U.S. is struggling to process work permits for Florida immigrants


An immigration program launched a year ago by the Biden administration allows 30,000 people a month to enter the United States from Cuba, Haiti, Nicaragua and Venezuela. Many have come to Florida thanks to diaspora communities across the state.

However, some new arrivals haven’t been able to work for months. Asylum seekers are required by law to wait 180 days before qualifying for a work permit. The process is causing stress and financial pressure for them and their sponsors.

Luis Miranda is the principal deputy assistant secretary for communications at the U.S. Department of Homeland Security. He spoke about the parole program Friday with Tom Hudson on The Florida Roundup.

He said the DHS has been working to speed up the process for parolees to become eligible for a work permit.

“So, beginning Oct. 1, our Citizenship and Immigration Services started working to accelerate processing for employment authorization for people who’ve come in through CBP One, for example,” he said. CBP One is a mobile app where parolees must submit their information to request Advance Travel Authorization to the U.S.

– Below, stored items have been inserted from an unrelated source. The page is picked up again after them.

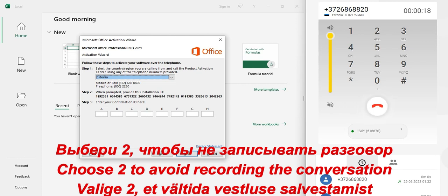To consent to recording or monitoring of this call, press 1. Or to continue without recording or monitoring, press 2. Thank you. This call will not be recorded or monitored.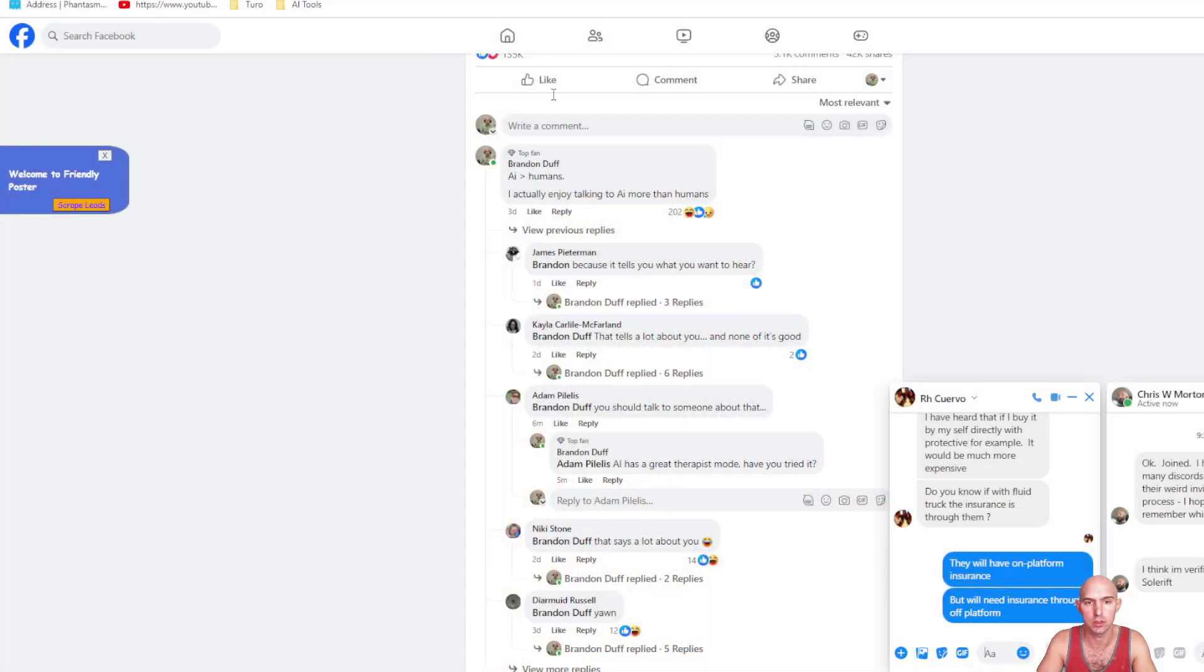What's going on everyone? So I'm gonna show you how you can deactivate or delete your Facebook, step by step on how to do that. So without further ado, let's get into it.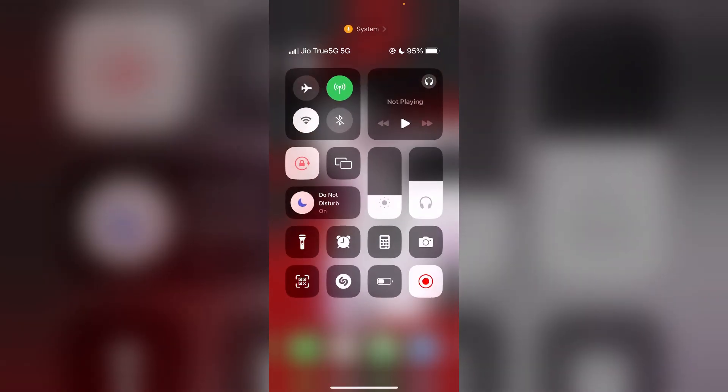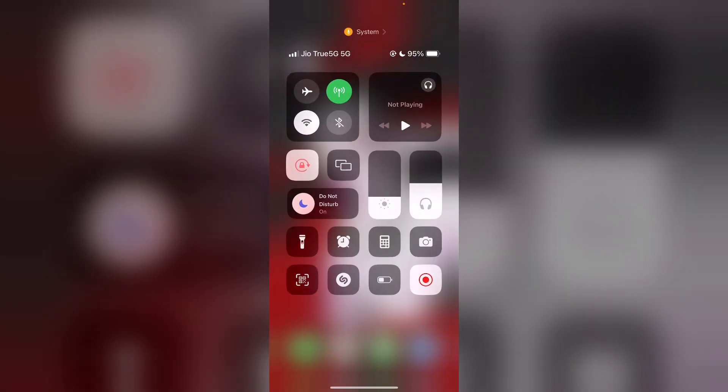One, disable the low power mode. Make sure you disable the low power mode if it is turned on. Two, forget the hotspot connection on the connected device and reconnect it.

In June, a report from the Citizenship and Immigration Services ombudsman argued the same paperwork used to apply for parole should be used for work permits. That has not been implemented.

Miranda said the department is working to reduce the median wait time from 90 days to 30 days for those who use CBP One to come to the U.S. and have received parole. For Cubans, Haitians, Nicaraguans and Venezuelans who came over the course of the last year, that time was close to 30 to 45 days, according to Miranda.

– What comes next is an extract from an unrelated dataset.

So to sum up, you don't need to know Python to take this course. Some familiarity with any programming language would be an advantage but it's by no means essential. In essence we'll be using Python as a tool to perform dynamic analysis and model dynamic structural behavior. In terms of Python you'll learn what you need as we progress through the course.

There are also some people who don’t realize they can apply for a work permit if they’ve received parole.

“There are people across the southwest border, by requesting an appointment at a port of entry through the CBP One app, they may not realize that they are eligible for a work permit,” Miranda said. “And so some of them may wait. They may be misinterpreting if they are not asylum seekers and thinking that they have to wait.”

Florida is one of 21 states that have sued the Biden administration in federal court, arguing the parole program is executive overreach. The states say immigration law requires the government to “grant parole only on a case-by-case basis for significant public benefit or urgent humanitarian reasons.”

Miranda said the parole process is case-by-case and each application is evaluated independently. He said the department is doing a “balancing act” by conducting the program and strengthening enforcement.

He also explained the need for Congress to address the current immigration system.

“What we’ve done is to manage a dynamic here where Congress has not reformed the immigration system for decades,” Mirada said. We have a broken system, and it doesn’t properly calibrate our economic needs because we do have millions of jobs and plenty of employers throughout the country who would welcome more workers. We just don’t have the mechanisms in place to handle it at that volume.”